GIVEN INFORMATION:
---
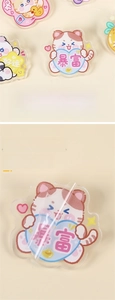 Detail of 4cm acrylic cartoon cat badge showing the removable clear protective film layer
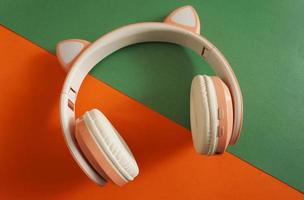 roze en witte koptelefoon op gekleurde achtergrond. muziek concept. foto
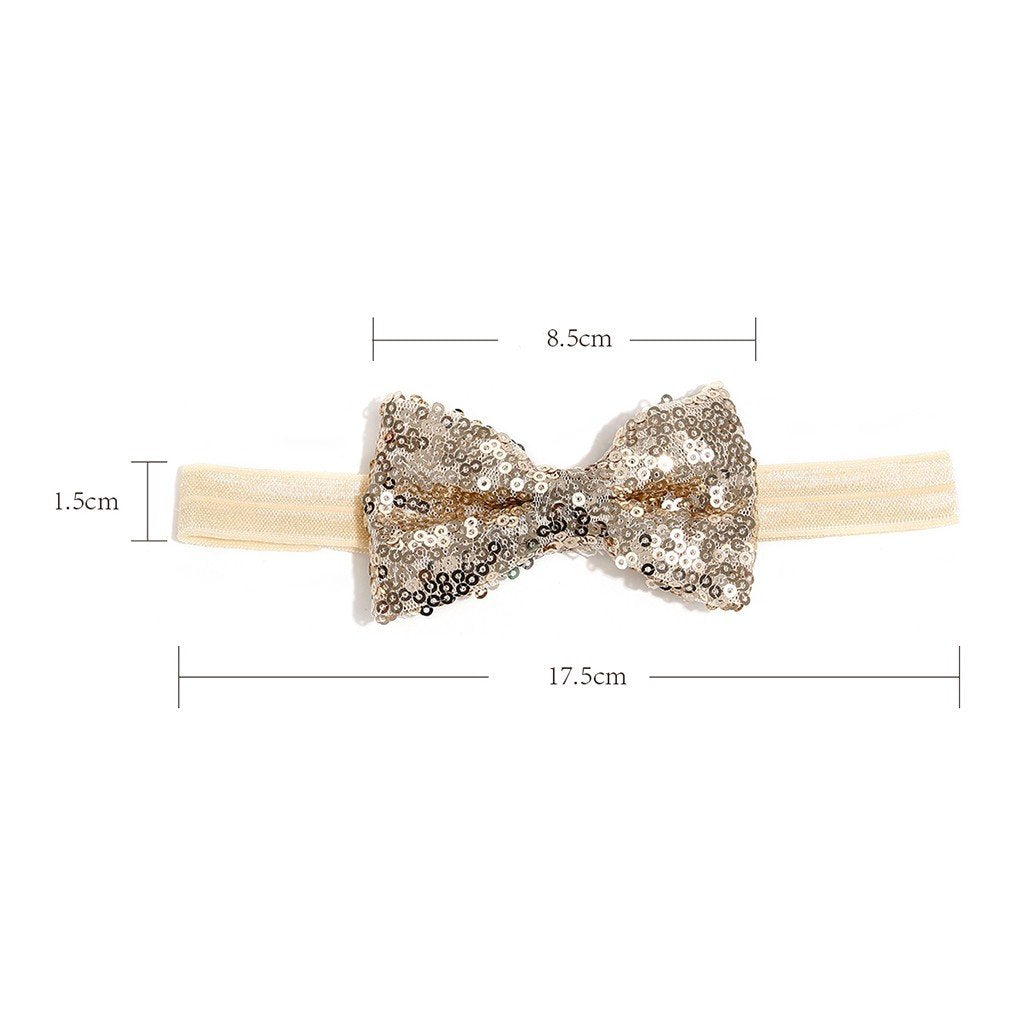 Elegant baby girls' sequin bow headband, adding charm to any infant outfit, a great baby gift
---
ACTION ITEM:
Write out the whole listing exactly, and drop the pictures.

RESPONSE:
 Detail of 4cm acrylic cartoon cat badge showing the removable clear protective film layer
 roze en witte koptelefoon op gekleurde achtergrond. muziek concept. foto
 Elegant baby girls' sequin bow headband, adding charm to any infant outfit, a great baby gift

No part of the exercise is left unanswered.